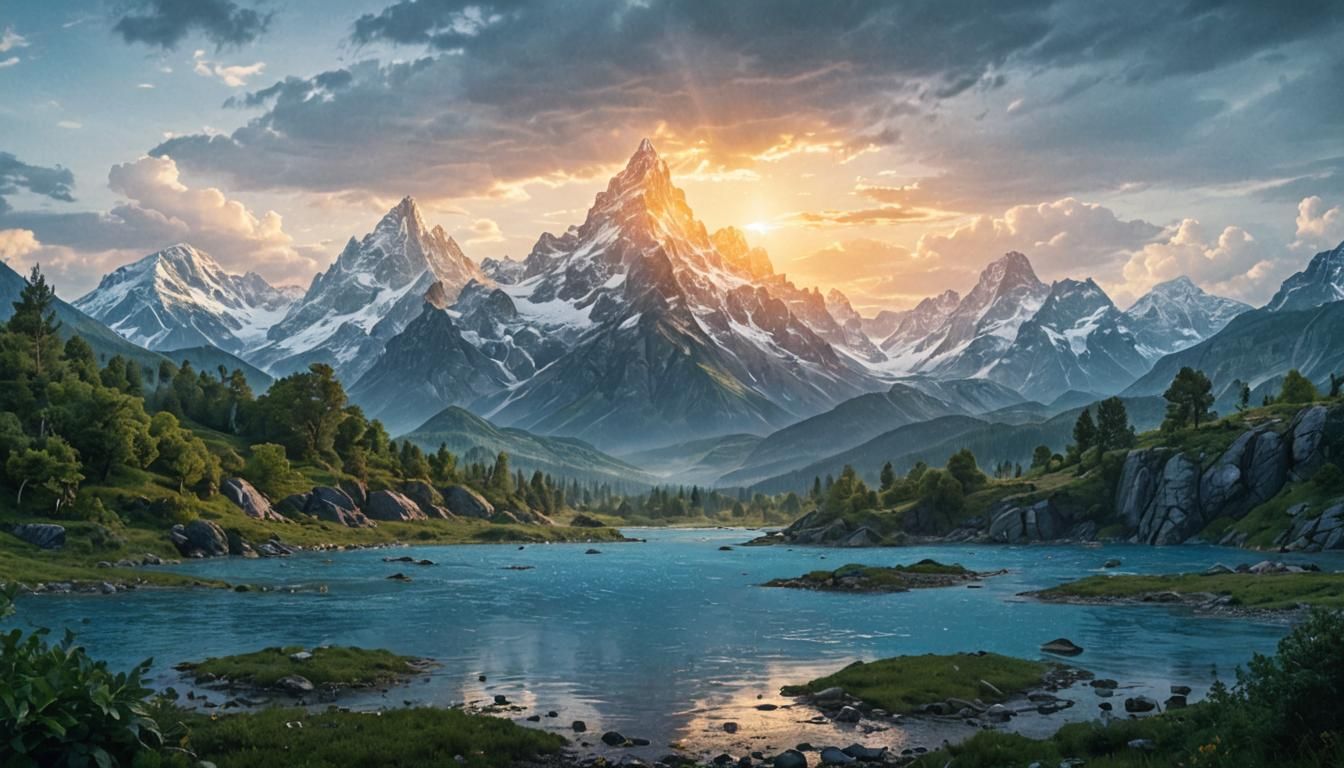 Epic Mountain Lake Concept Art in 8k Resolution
...
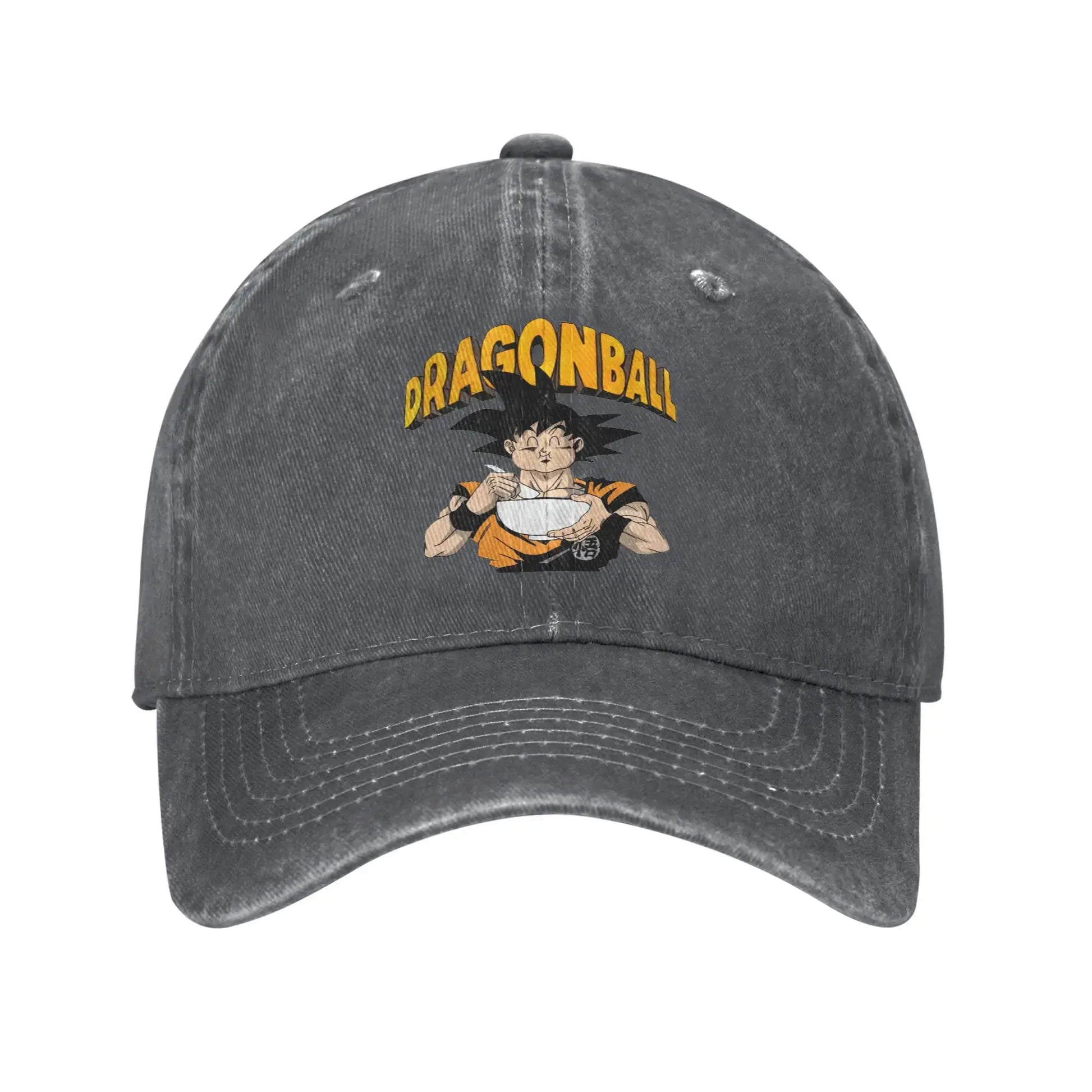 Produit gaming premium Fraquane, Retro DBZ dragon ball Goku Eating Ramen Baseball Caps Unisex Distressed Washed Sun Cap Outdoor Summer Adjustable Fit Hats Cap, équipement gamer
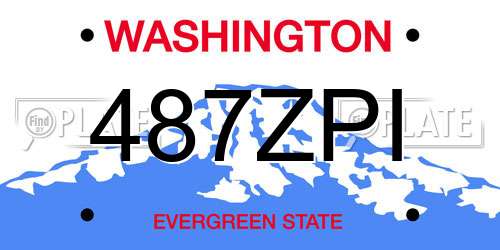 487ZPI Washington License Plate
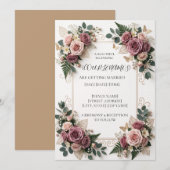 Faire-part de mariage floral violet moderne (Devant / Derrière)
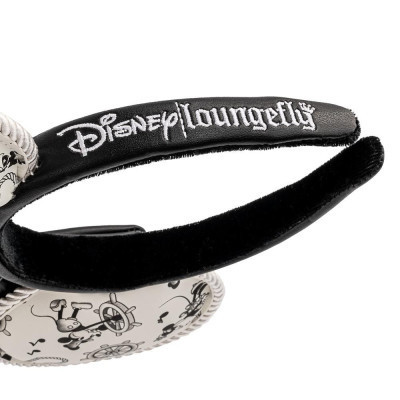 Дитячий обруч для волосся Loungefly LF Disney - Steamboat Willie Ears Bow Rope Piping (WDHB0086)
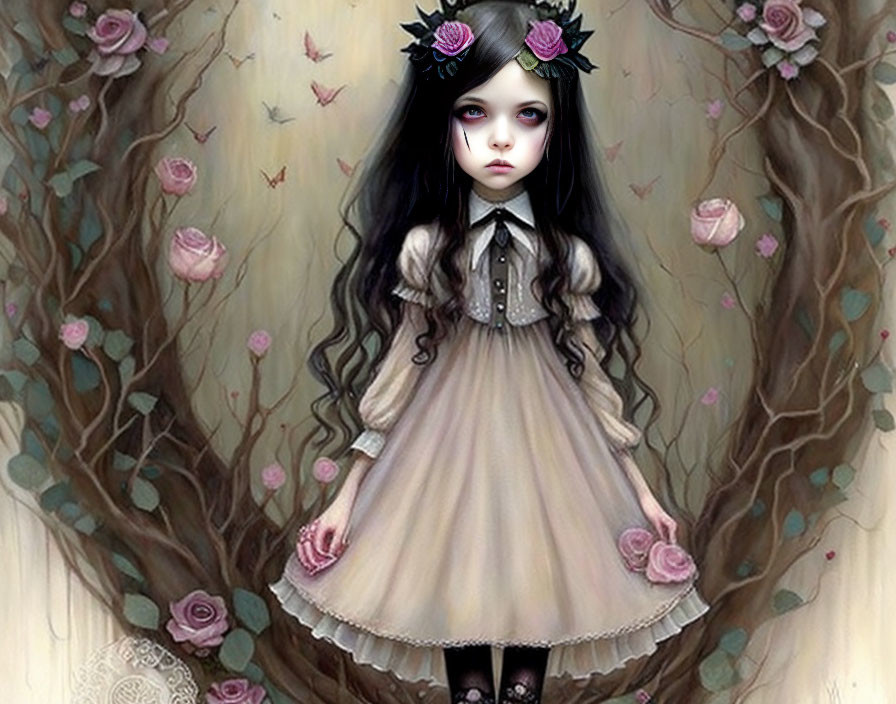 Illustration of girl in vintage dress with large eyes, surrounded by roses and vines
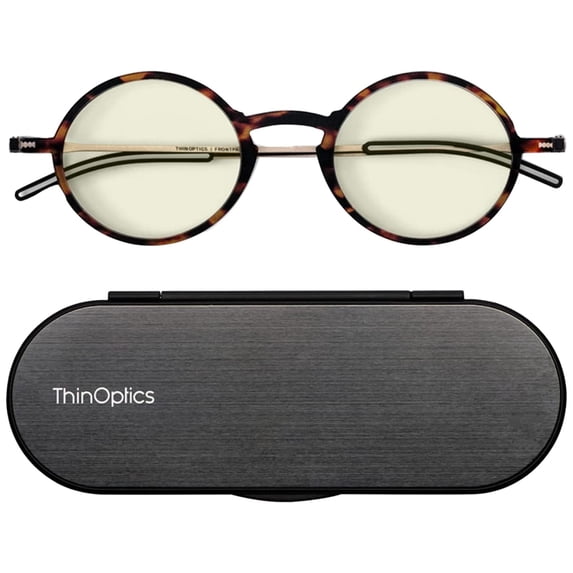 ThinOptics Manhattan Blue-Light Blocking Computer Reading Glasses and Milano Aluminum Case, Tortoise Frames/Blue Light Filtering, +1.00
==
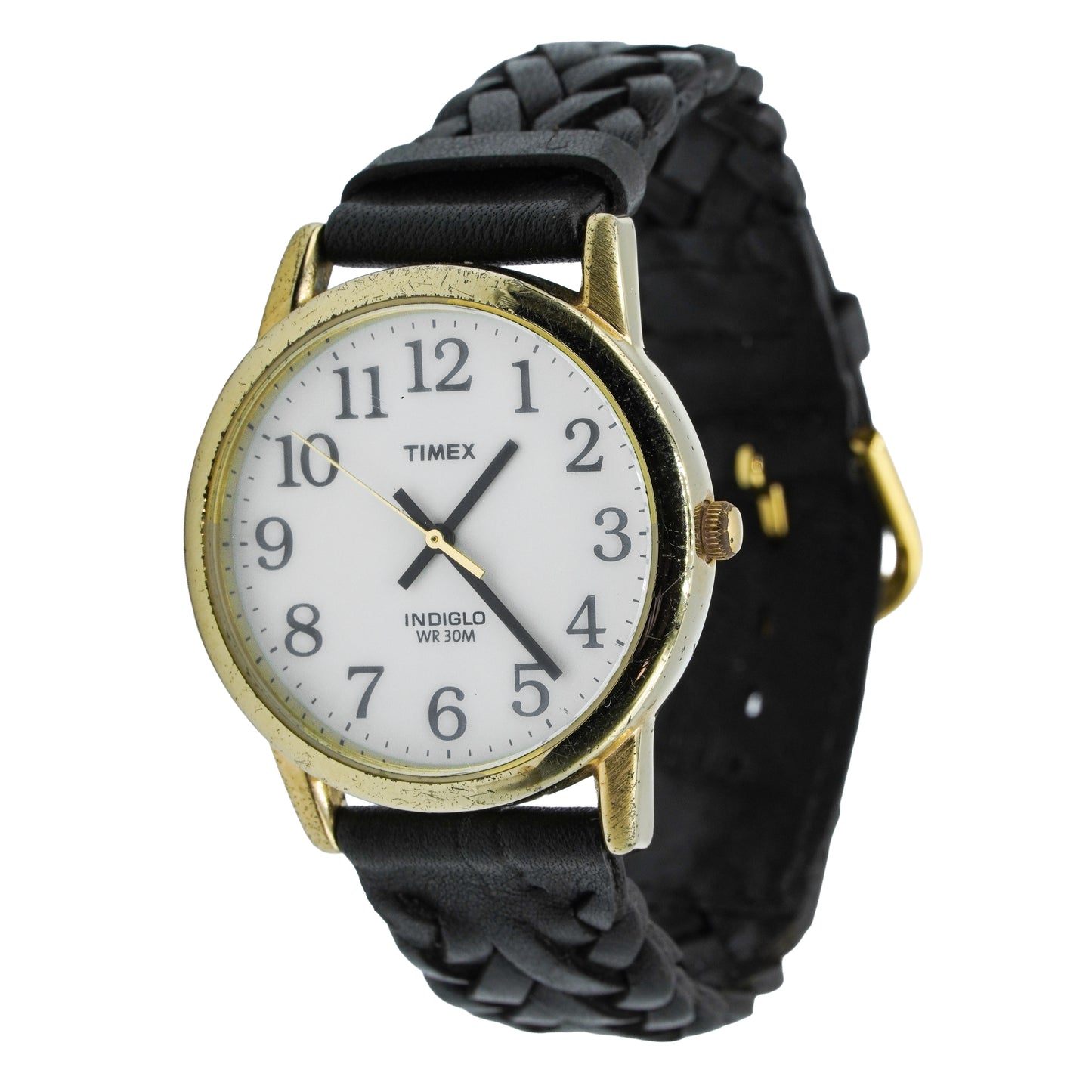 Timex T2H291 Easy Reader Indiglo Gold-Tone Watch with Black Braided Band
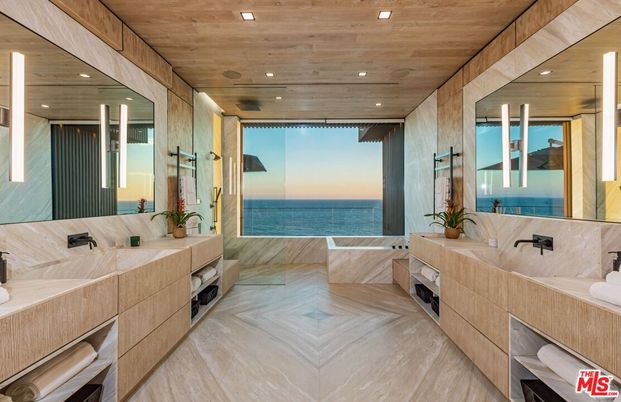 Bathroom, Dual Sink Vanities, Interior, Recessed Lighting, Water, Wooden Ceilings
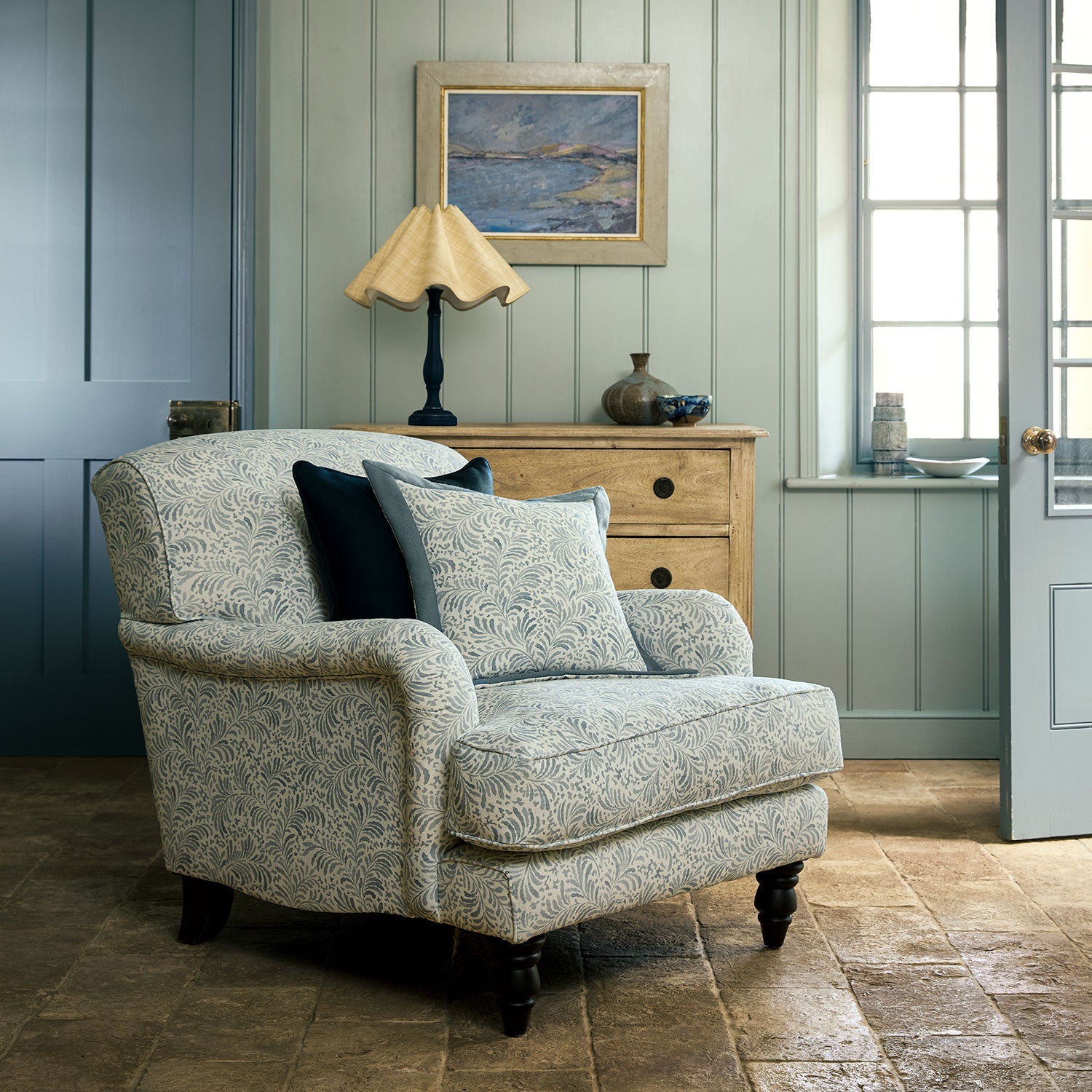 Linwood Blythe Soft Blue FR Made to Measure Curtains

→ Work request
Using the entries above, transcribe exactly from the line that has "Illustration of girl" through the line that has "ThinOptics Manhattan Blue-Light". Pictures are dropped.

→ Exercise result
 Illustration of girl in vintage dress with large eyes, surrounded by roses and vines
 ThinOptics Manhattan Blue-Light Blocking Computer Reading Glasses and Milano Aluminum Case, Tortoise Frames/Blue Light Filtering, +1.00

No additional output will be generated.